Sometimes our national policies resemble the personal life of an NBA star who, having succeeeded professionally, doesn't have the sense to rid himself of the lowlife gang members who glom onto him.
For starters, he give no credit to the countries that have already extended deployments in the past, or have recently sent troops or extended deployments. Those include more countries than the ones that are drawing down, including such stalwarts as the Aussies and the Poles. He ignored what Tony blair said about the drawdown, that they have achieved stability in the area and can start drawing down. Instead he paints a picture of British troops under attack "daily". He does not give the Brits any credit for the crackdown they initaited last year when violence was flaring in their sector.
He gives short shrift to the stellar work NATO has been doing in Afghanistan. Didn't bother to mention that the Poles are sending in elite forces there now to FIGHT. Doesn't mention that UAE has forces in Afghanistan, or that Jordan is continuing to train Iraqi police and security.
Doesn't mention that the eastern euros have stood and continue to stand with us. Or that we are going to put anti missile batteries and bases there.
He prattles on about this BS about America being an empire.
And he give no hint on the importance of the mission, and has defeating terrorists.
Other than that its fine.
He is mocking America more than the europeans in this article. He thinks its a fools errand. He is the fool.
He has been anticipating American defeat and frankly, cheering it on in both Afghanistan and Iraq for as long as I can remember.
I completely agree with the comment by Redangus.
He's right about NATO. The alliance had its day and the defense of Europe should be up to the Europeans. They should be capable of handling a situation like Bosnia or Kosovo.

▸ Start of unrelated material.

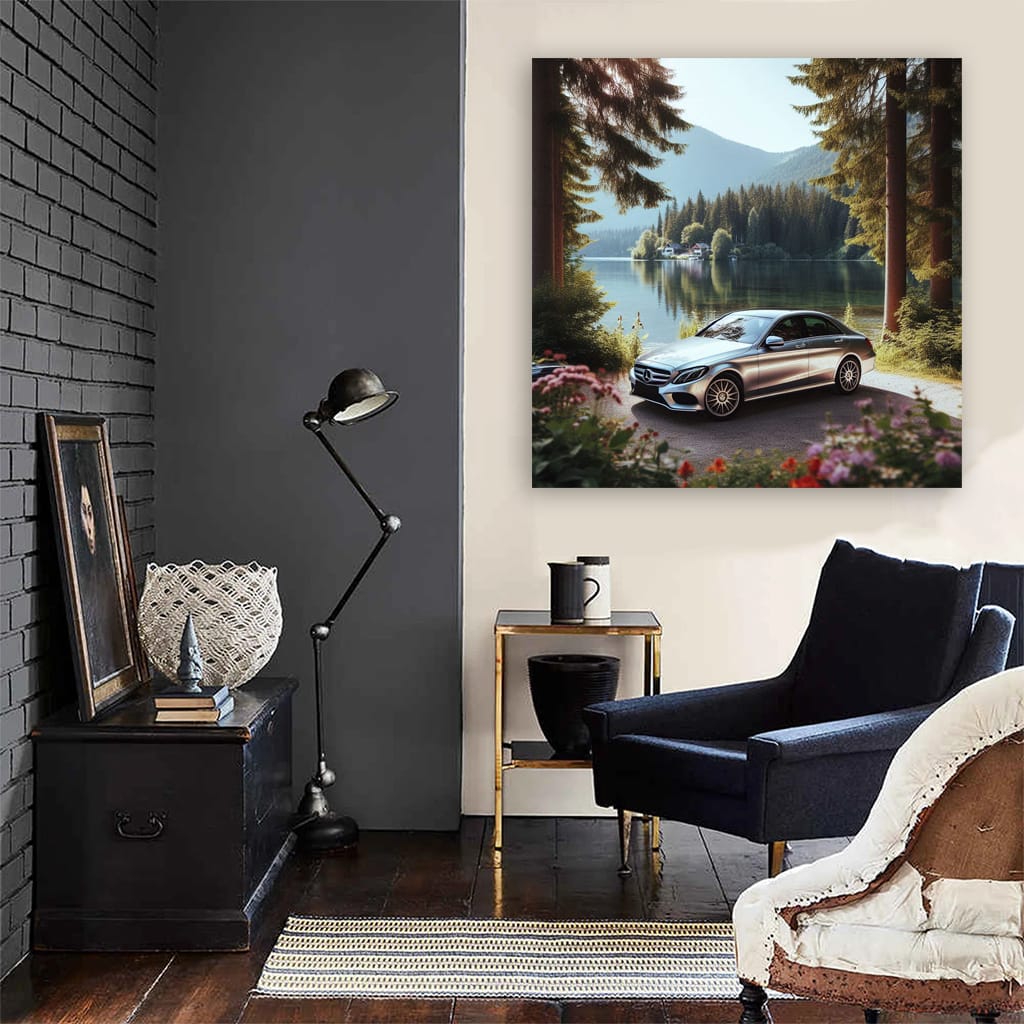 Mercedes C Class La Wall Art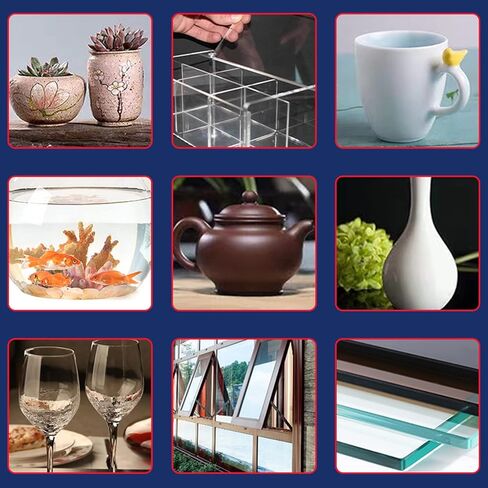 Ceramic Glue, 30g Glue for Porcelain and Pottery Repair, Instant Strong Glue for Pottery, Porcelain, Glass, Plastic, Metal, Rubber and DIY Craft in Kuwait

And if they had to focus on defending themselves, they'd have less time to bitch, whine and complain about everything the US is doing. Or not doing, as the case may be.
The US can negotiate agreements for bases with individual countries as necessary.
The Brits fought fantastically in the Iraq war and are still doing so in Afghanistan. They have pacified their sector, which never had the same level of violence as ours in Iraq. Several eastern european countries are still standing firm. The Poles are sending elite forces to Afghanistan. Eastern Europe is coalescing around the US and we are boxing a very untrustworthy Russia in.
No, the europeans do not carry their weight in NATO all the time, but they have perfomed admirably, not to mention that WE have basing rights in many of their countries.
Does America do most of the heavy lifting? Yes, always has, always will.
Hard to find fault with these comments
"What he is doing is calling out Europe for what it is, an old, tired, weak continent populated by people more interested in sucking on the government teat than defending their way of life. With the exception of the airbase and hospital in Germany I would bring all our troops home from Europe and let them learn to kiss the feet of their soon to be Muslim masters. And when they cry for us to come back and again pull the butt from the fire we should tell them you made your sharia bed, put on your burka and lay in it."
I absolutely agree with you. I would have closed down ALL euro peon bases about 5 years ago. It would definitely hurt their economies and send a well deserved message.
He paints a false picture of the South in Iraq.